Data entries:
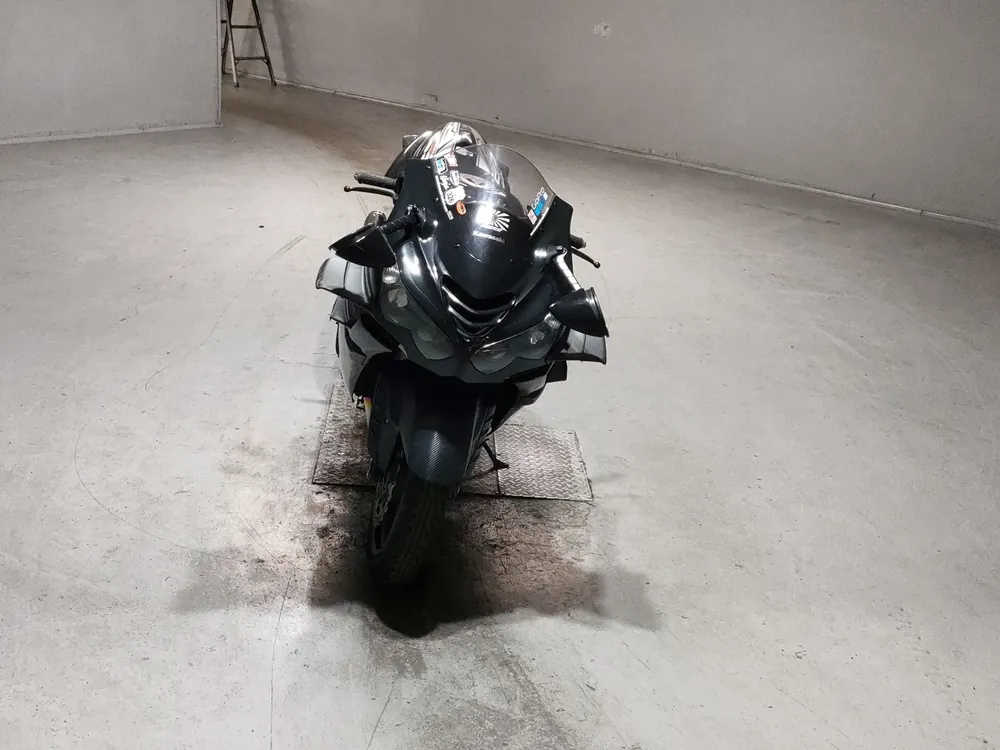 Kawasaki ZZR1400 2008, чёрный, фото 3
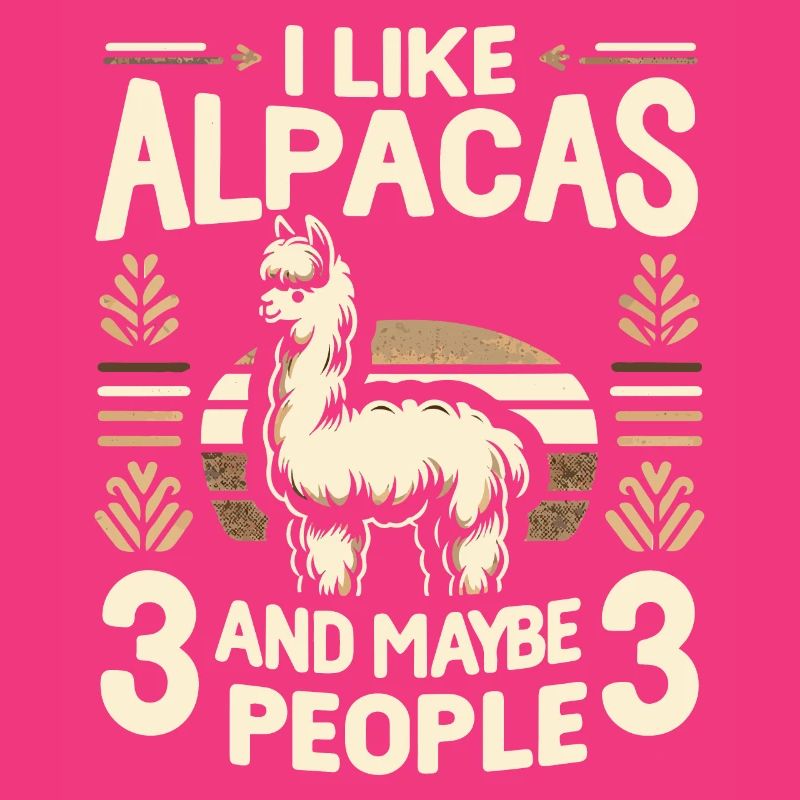 Alpaca Llama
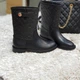 Полусапоги женские черные 40 , Fashion, LVWX168-6 - изображение 8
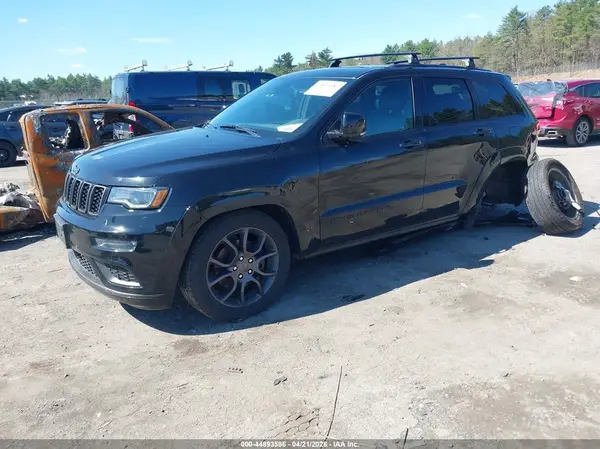 1C4RJFCG8MC565004 2021 JEEP GRAND CHEROKEE - Image 2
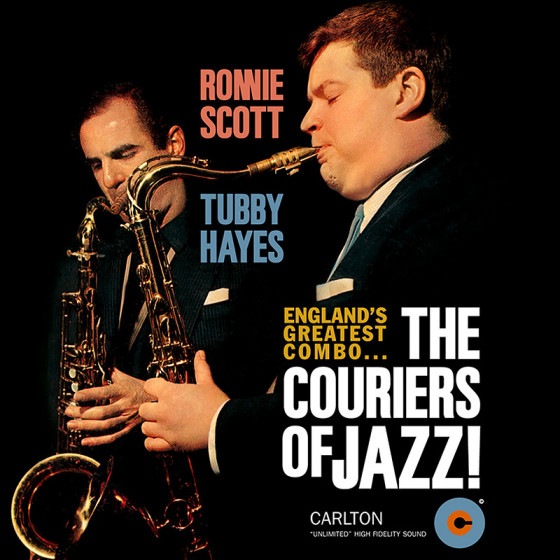 The Couriers Of Jazz (Tubby Hayes & Ronnie Scott)|jazz|ジャンル別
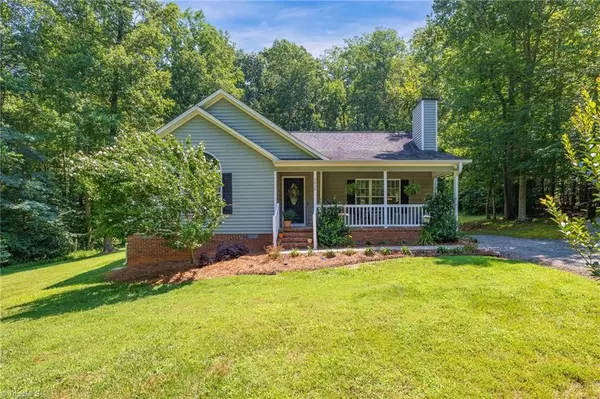 5808 Secretariat RD, Gibsonville, NC 27249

Exercise instructions: Precisely the lines from the one containing "Alpaca Llama" to the end of the data above, both included, should be printed; leave the pictures out.

Solution to this problem:
 Alpaca Llama
 Полусапоги женские черные 40 , Fashion, LVWX168-6 - изображение 8
 1C4RJFCG8MC565004 2021 JEEP GRAND CHEROKEE - Image 2
 The Couriers Of Jazz (Tubby Hayes & Ronnie Scott)|jazz|ジャンル別
 5808 Secretariat RD, Gibsonville, NC 27249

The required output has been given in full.